From Here to Eternity is thought of as a World War II novel—many people think it’s the best World War II novel. But, like my other favorite novel about that war, James Gould Cozzens’s less-remembered Guard of Honor, it takes place away from war, on an army base, where the only violence is that which the officers and enlisted men compulsively inflict on one another. The life of the men at their Hawaii base is so all-encompassing that when the Japanese attack Pearl Harbor towards the end of the book, it almost comes as a surprise.
Though Jones creates and develops dozens of distinct characters, From Here to Eternity’s two poles, the commanding presences from which it draws its power and around which it’s organized, are Private Robert E. Lee Prewitt and 1st Sergeant Milton Warden. Prewitt is a thirty-year Army man who’s chosen the Army for life without ever fully accepting the sacrifice of individuality that it requires of him. Warden, on the other hand, has channeled his frustrations with the Army into iron-willed control over all the details of G Company—details that should be the purview of his superiors, whose incompetence and uninterest only serve to fuel Warden’s relentless, hard-edged competence. The struggles of the two men—against, at various times, each other, their superiors, their fellow enlisted men, and the Army itself—are the heart of the book. Do you kick at every imposition, fight until you're utterly broken, or do you focus your energies on bending one circumscribed area to your will, while making the necessary compromises outside your domain?
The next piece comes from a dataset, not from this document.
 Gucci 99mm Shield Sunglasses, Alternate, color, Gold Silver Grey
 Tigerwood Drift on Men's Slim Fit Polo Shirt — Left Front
Jones’s themes grow out of those strong personalities: the place of the individual in a system designed to crush initiative and difference; the fate of integrity and achievement in an organization that rewards neither—that in fact fears them; the fine lines between sensible compromise and self-abasement, honor and self-destruction. But it’s not just the army that’s the problem. In a sense, From Here to Eternity doesn’t even need the military: Jones could drop his characters into nearly any situation, and we’d learn many of the same things about them. The same is true of Guard of Honor. But for both books, the unique conditions of the army—its clear lines of authority, its legitimation of violence, and its close quartering of volatile personalities—serve to increase the pressure on the characters, confronting them daily with the compromises and failures that in civilian life they might unwittingly train themselves to ignore.
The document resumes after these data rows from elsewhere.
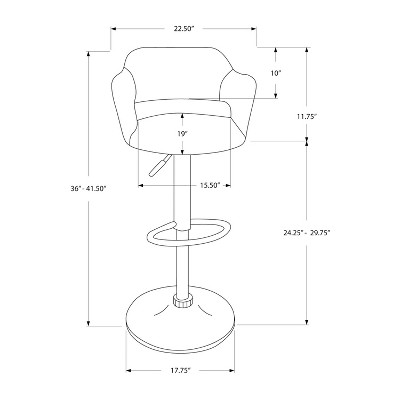 Charcoal Grey Chrome Adjustable Saddle-Style Swivel Bar Stool
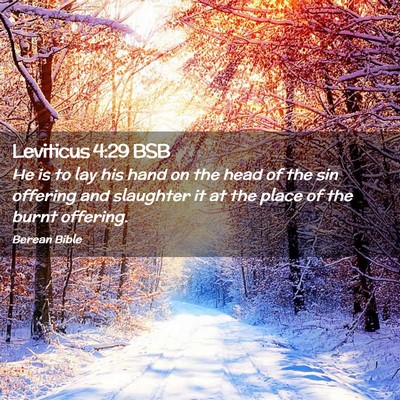 Picture 02 - Leviticus 4:29 BSB - He is to lay his hand on the head of the sin - Bible Verse Picture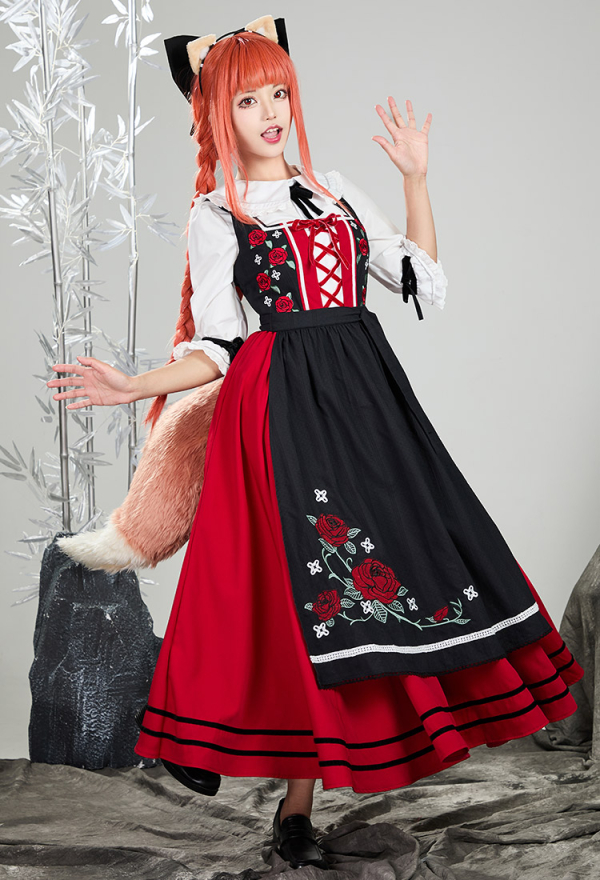 ホロ 狼と香辛料 赤いドレス コスプレ　Spice and Wolf M Holo Costume - Dress and Shirt with Tail Headband Spice and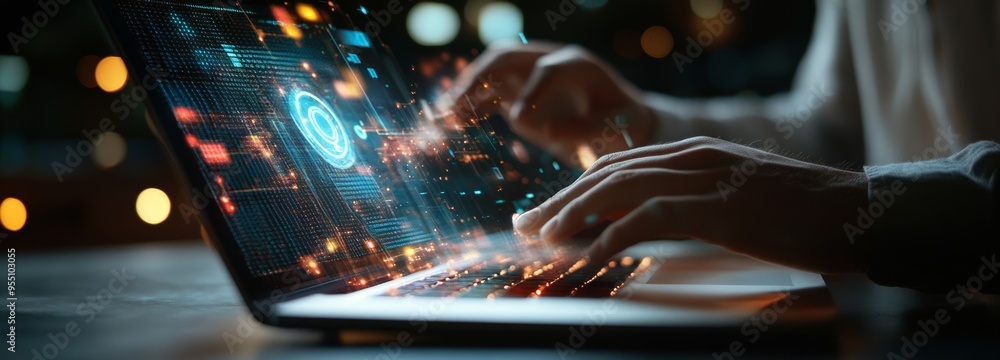 Poster connected global network, iot, internet of things and digital technology concept. programmer on lapt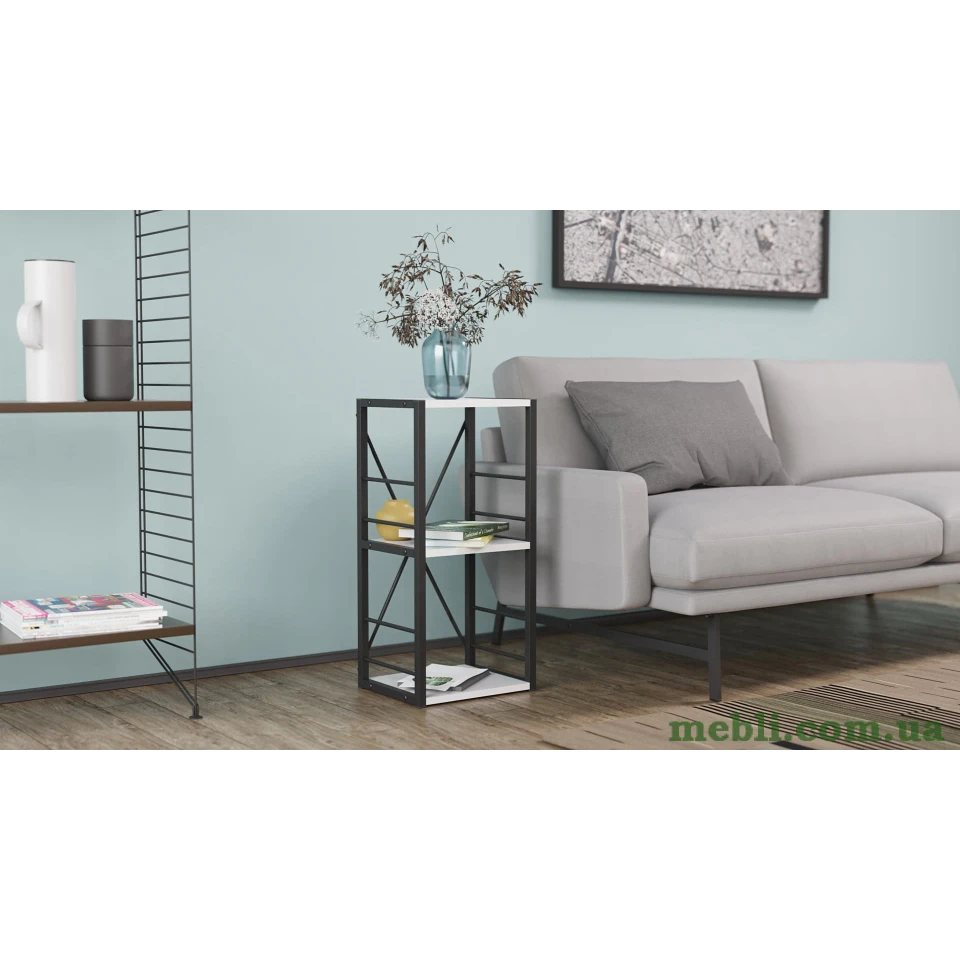 Етажерка 3/34 Ferrum-decor Серії Коннект 73x34x28 чорний ДСП Білий 16мм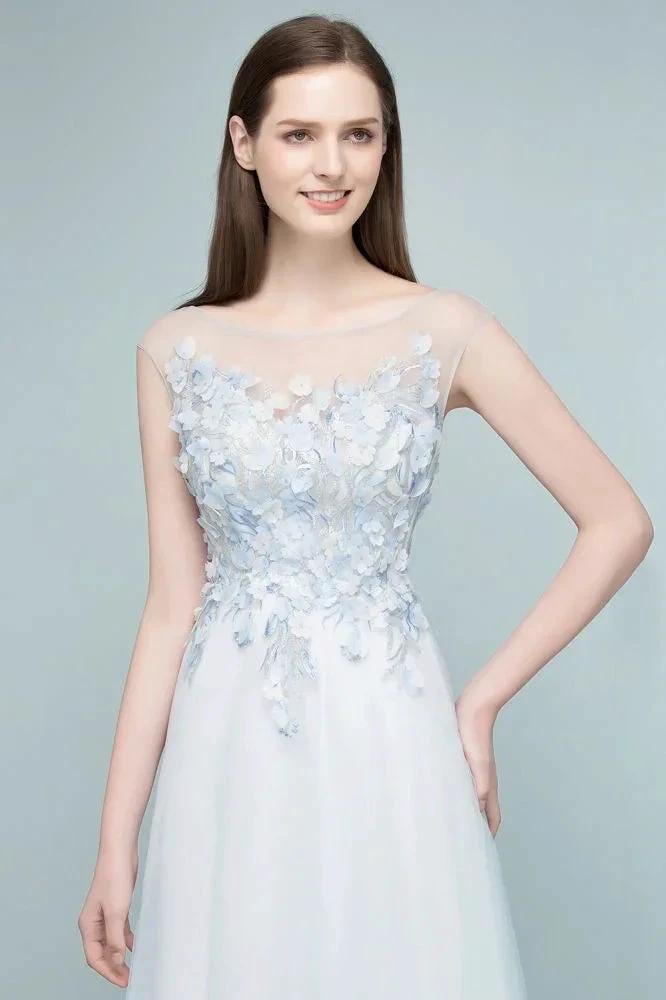Floor Length A-line Sleeveless Appliqued Flowers Tulle Prom Dresses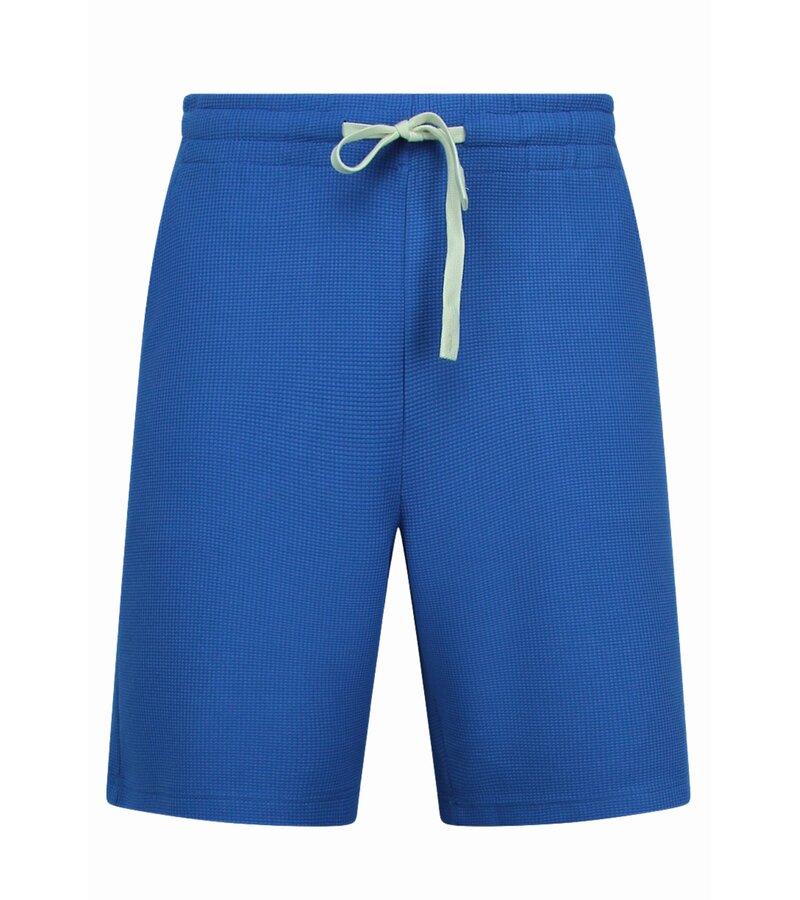 Enos Conjunto de verano para hombre - Oversize acanalado - Conjunto de dos piezas - Conjunto - F-918 - Azul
Around Prewitt and Warden, Jones builds a cast of convincing, well-developed characters, ranging from the hardworking, honorable, racist Mess Sergeant Maylon Stark to the gifted athlete and alcoholic Corporal Choate. Jones gives us moments where we truly understand each of these characters, including a stunning scene where Warden’s superior, Captain Dana "Dynamite" Holmes, who has previously been presented entirely through Warden’s disapproving eyes, becomes the focus of our sympathy; the swiftness and power of the reversal is jaw-dropping.
Then there’s Prewitt’s friend, Private Angelo Maggio, one of the most compelling characters in the book. He’s the indomitable scrapper who so impressed Frank Sinatra that, rumor has it, he went to great lengths to secure the part in the 1953 movie. Maggio’s rant while in the Stockade for a drunken brawl limns the struggle that is Jones’s focus:
“Well, I’ve stood all I can stand—if I can get myself out of standing any more of it. They aint going to drive this soldier to any goddam suicide. And they aint going to drive this soldier into growing a brown nose. They shouldn’t teach their immigrants’ kids all about democracy unless they mean to let them have a little of it, it ony makes for trouble. Me and the United States is disassociating our alliance as of right now, until the United States can find time to read its own textbooks a little.”
Maggio’s speech also demonstrates one of the problems I had with Jones’s prose: his cluttered dialogue that, despite the use of dialect (my least favorite of the tools available to a writer) manages to sound utterly unlikely and unnatural. He fragments sentences and duplicates adverbs and adjectives in a distracting attempt to suggest the multiplicity and complexity of the world; unlike Anthony Powell, whose descriptions and redescriptions feel like careful attempts to reach exactitude, Jones’s extravagance with modifiers feels forced—and therefore lifeless.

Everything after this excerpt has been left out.